▸ Your instructions
Pictures are to be left out. Return exactly the lines below from the one with "Get yourself a" up to and including the one with "The very first".

▸ Source information
══════════

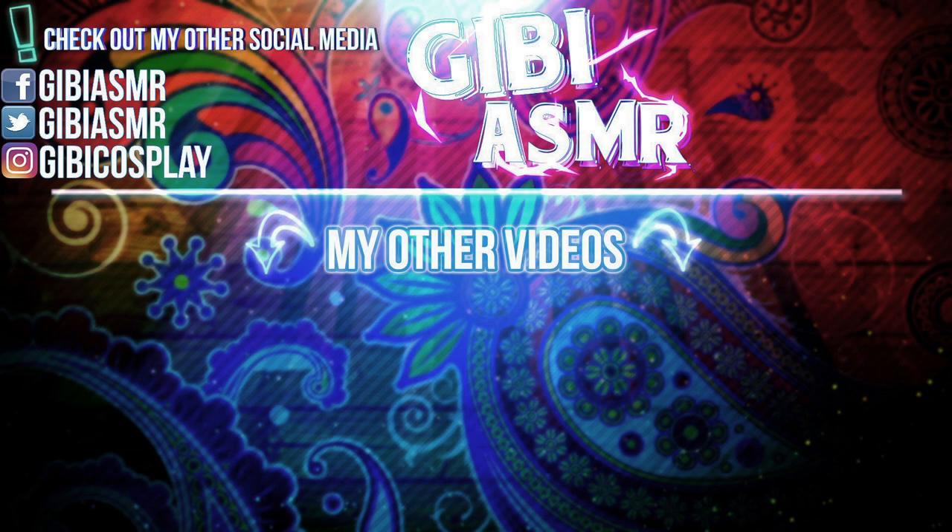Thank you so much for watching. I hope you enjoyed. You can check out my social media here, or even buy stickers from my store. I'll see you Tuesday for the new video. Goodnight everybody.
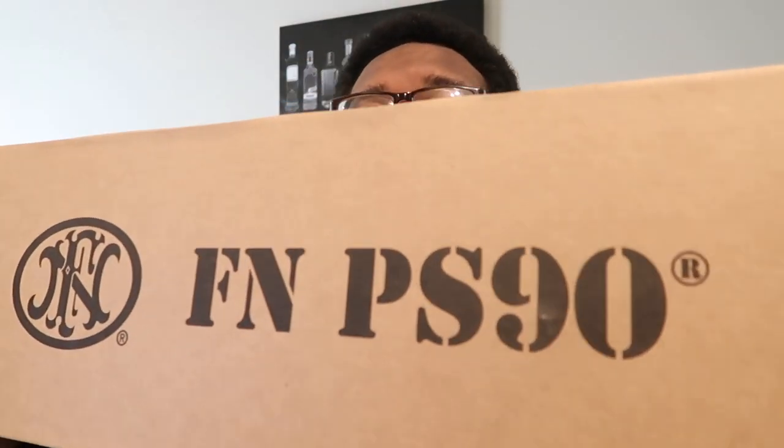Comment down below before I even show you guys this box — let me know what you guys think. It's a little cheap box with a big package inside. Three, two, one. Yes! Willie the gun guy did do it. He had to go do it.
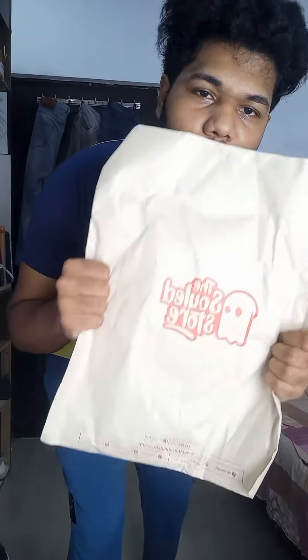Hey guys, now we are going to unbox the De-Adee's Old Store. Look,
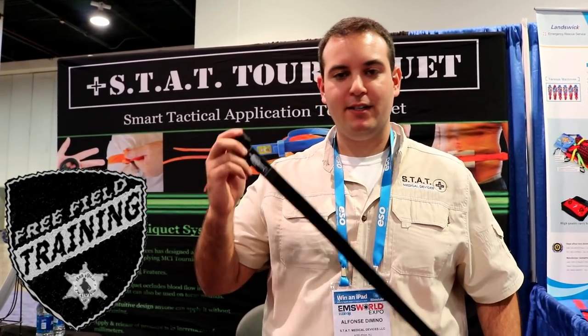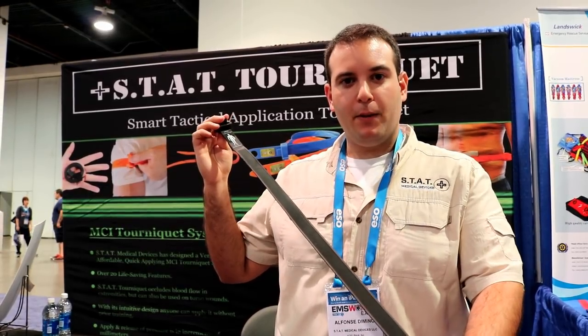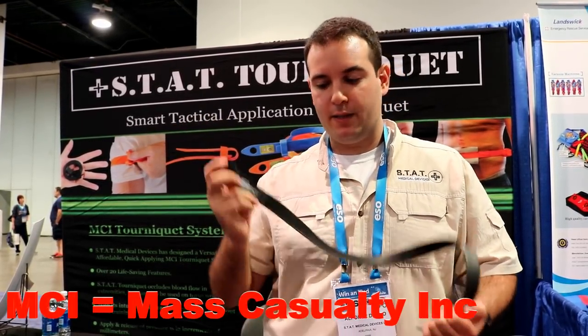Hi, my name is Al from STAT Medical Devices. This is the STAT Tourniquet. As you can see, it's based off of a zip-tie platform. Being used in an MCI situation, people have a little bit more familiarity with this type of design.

══════════

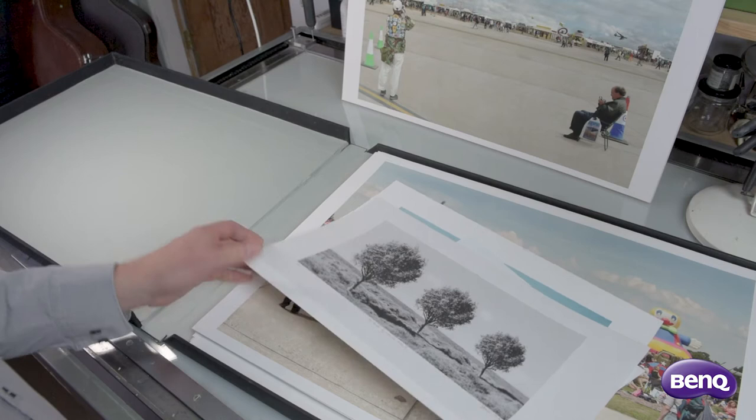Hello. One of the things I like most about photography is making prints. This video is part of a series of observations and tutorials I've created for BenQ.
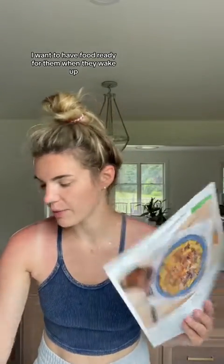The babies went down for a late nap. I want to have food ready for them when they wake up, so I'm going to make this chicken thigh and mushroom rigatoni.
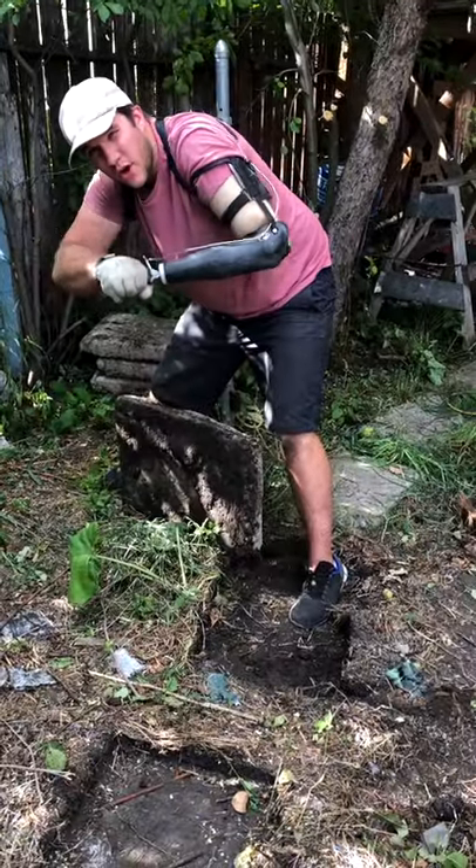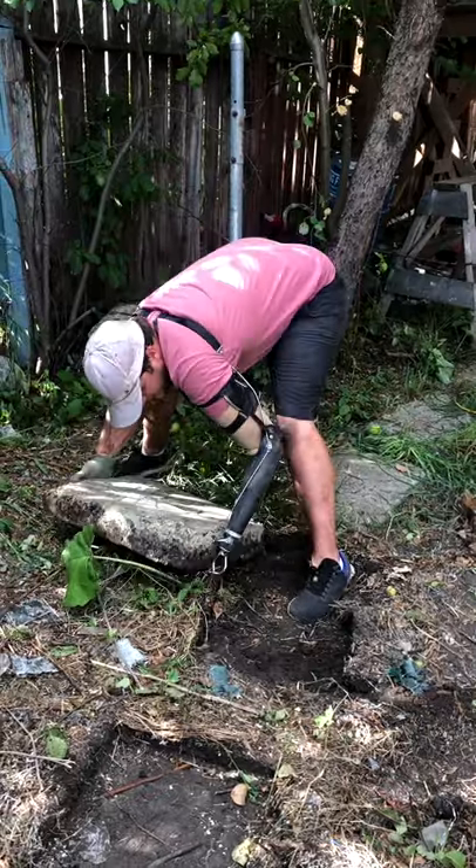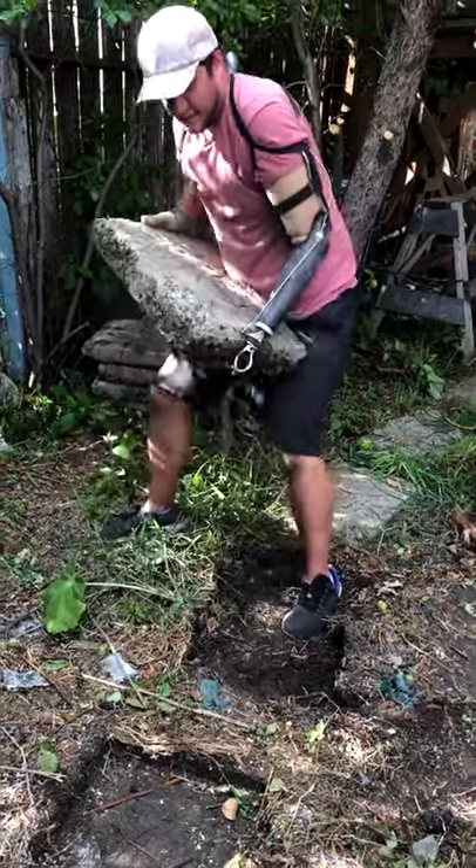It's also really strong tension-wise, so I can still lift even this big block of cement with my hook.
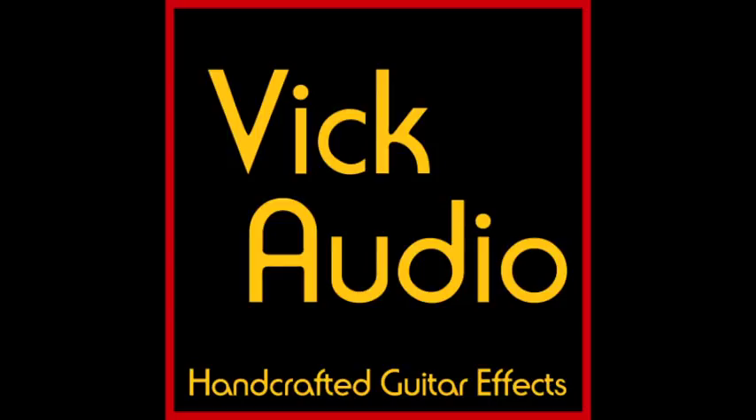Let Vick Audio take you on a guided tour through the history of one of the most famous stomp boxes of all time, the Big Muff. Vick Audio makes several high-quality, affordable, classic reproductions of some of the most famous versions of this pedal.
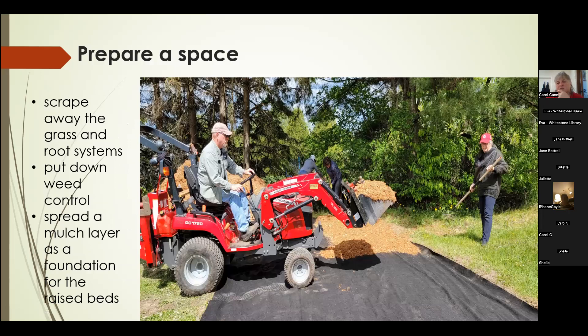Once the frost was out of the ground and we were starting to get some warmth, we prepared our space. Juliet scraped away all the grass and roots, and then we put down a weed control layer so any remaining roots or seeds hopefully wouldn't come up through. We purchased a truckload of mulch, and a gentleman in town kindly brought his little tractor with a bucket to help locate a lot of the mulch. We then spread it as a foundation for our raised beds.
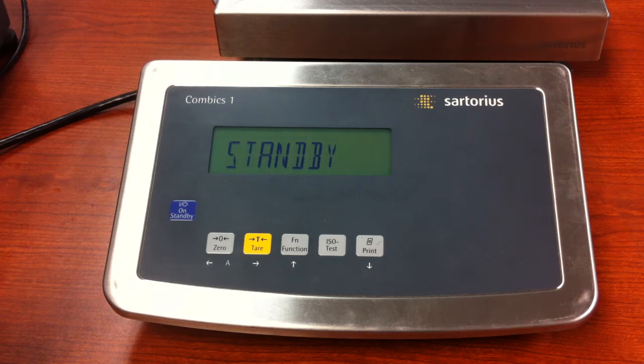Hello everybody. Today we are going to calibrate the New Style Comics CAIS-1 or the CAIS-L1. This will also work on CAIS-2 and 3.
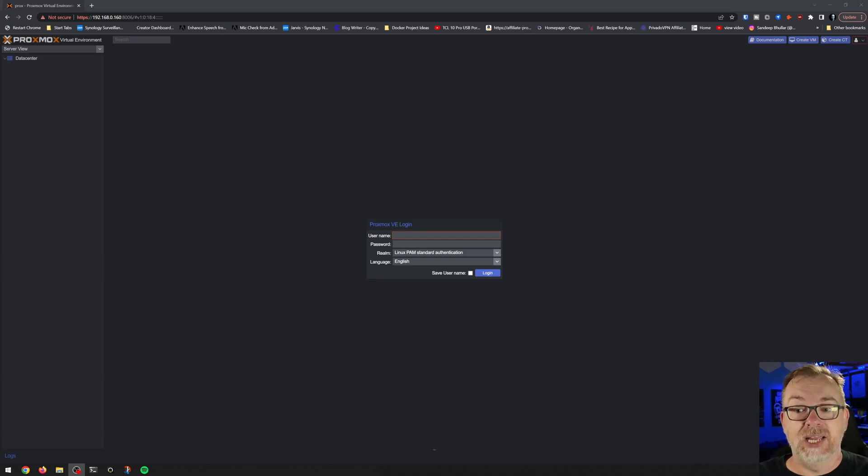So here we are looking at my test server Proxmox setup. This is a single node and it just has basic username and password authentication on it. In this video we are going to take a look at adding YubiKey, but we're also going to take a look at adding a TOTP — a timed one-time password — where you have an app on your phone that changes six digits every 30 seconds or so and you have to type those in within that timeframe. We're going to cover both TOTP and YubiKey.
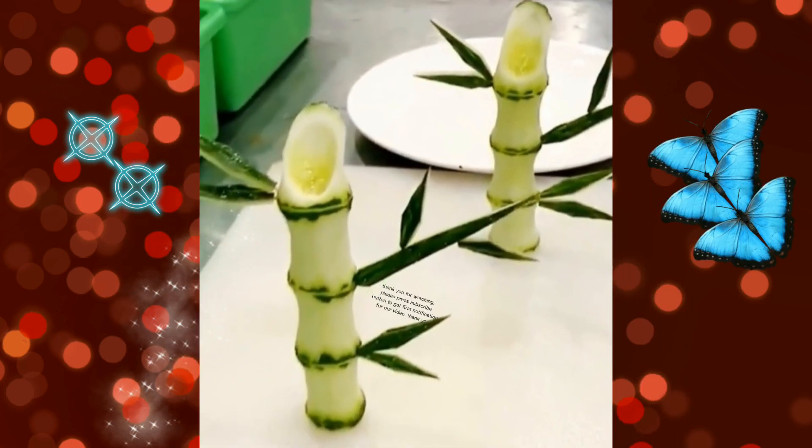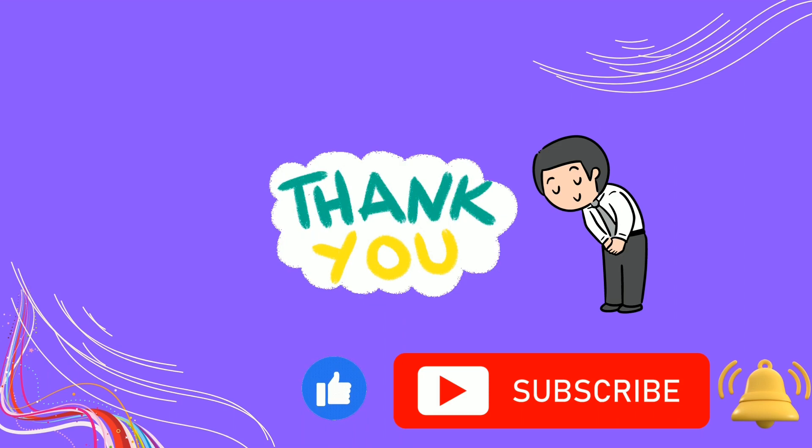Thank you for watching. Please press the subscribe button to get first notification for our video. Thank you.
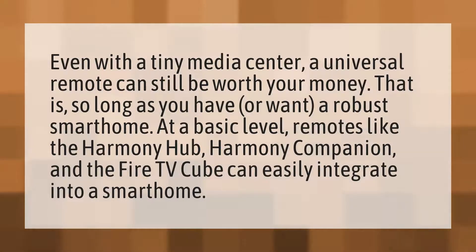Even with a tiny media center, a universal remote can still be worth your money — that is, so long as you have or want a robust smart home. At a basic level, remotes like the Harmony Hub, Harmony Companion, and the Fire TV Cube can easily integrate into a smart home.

══════════

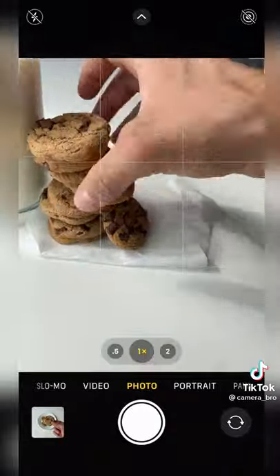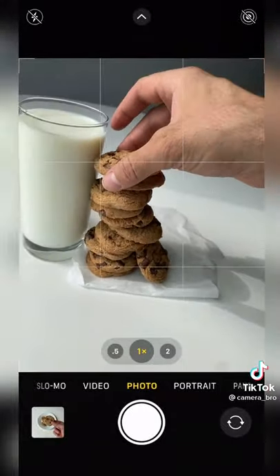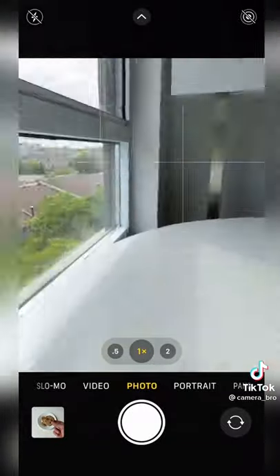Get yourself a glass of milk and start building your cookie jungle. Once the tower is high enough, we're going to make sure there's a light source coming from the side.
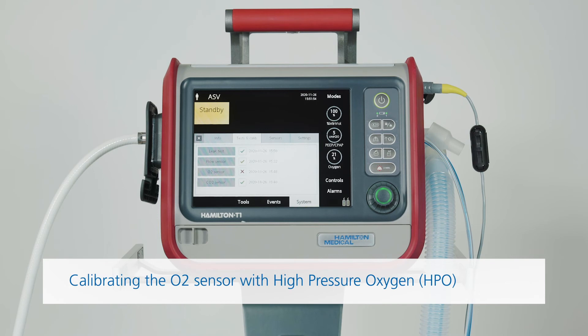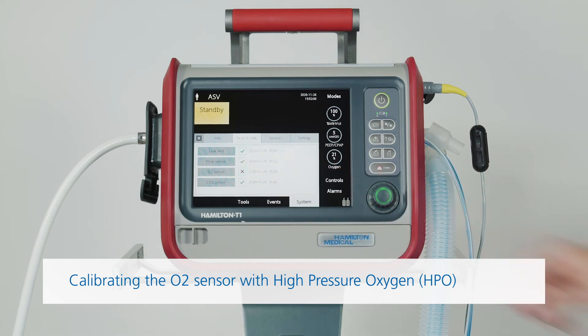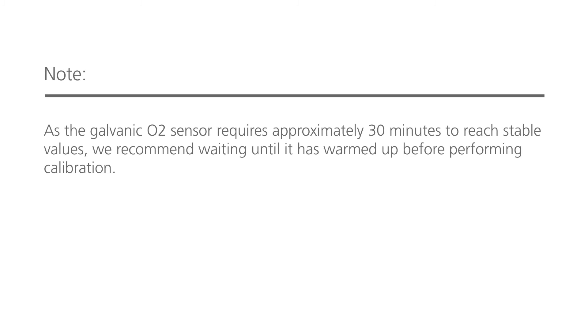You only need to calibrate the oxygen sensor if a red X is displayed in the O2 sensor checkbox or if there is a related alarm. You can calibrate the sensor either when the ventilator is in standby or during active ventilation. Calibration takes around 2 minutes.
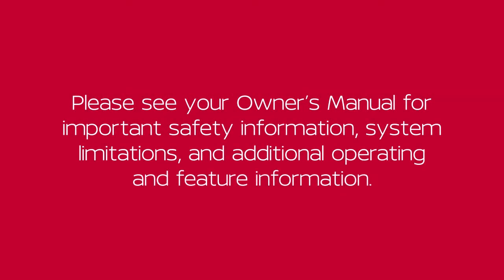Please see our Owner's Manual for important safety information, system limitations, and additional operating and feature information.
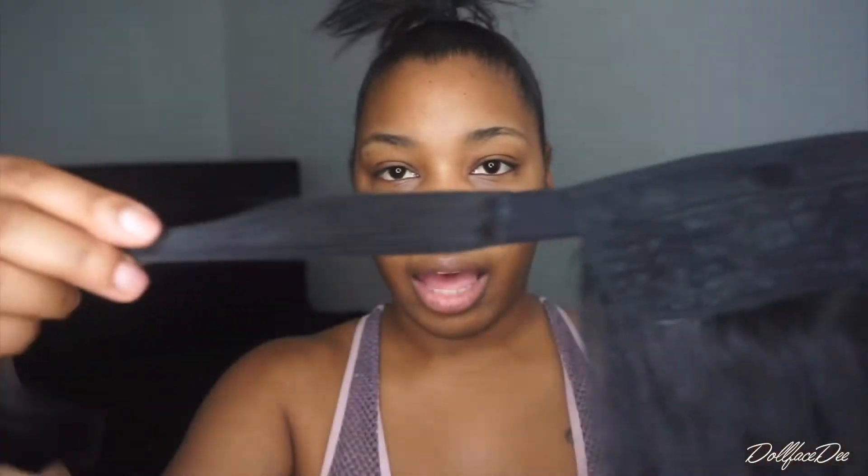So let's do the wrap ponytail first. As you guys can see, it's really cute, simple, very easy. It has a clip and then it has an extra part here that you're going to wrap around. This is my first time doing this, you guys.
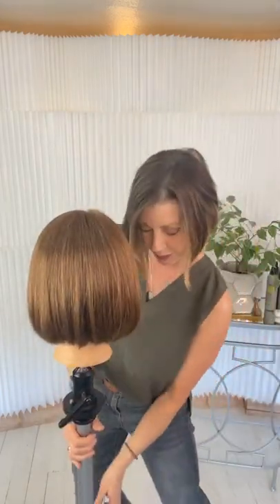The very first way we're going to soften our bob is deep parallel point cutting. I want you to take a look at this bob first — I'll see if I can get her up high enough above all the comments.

══════════

▸ Reply to the exercise
Get yourself a glass of milk and start building your cookie jungle. Once the tower is high enough, we're going to make sure there's a light source coming from the side.
You only need to calibrate the oxygen sensor if a red X is displayed in the O2 sensor checkbox or if there is a related alarm. You can calibrate the sensor either when the ventilator is in standby or during active ventilation. Calibration takes around 2 minutes.
Please see our Owner's Manual for important safety information, system limitations, and additional operating and feature information.
So let's do the wrap ponytail first. As you guys can see, it's really cute, simple, very easy. It has a clip and then it has an extra part here that you're going to wrap around. This is my first time doing this, you guys.
The very first way we're going to soften our bob is deep parallel point cutting. I want you to take a look at this bob first — I'll see if I can get her up high enough above all the comments.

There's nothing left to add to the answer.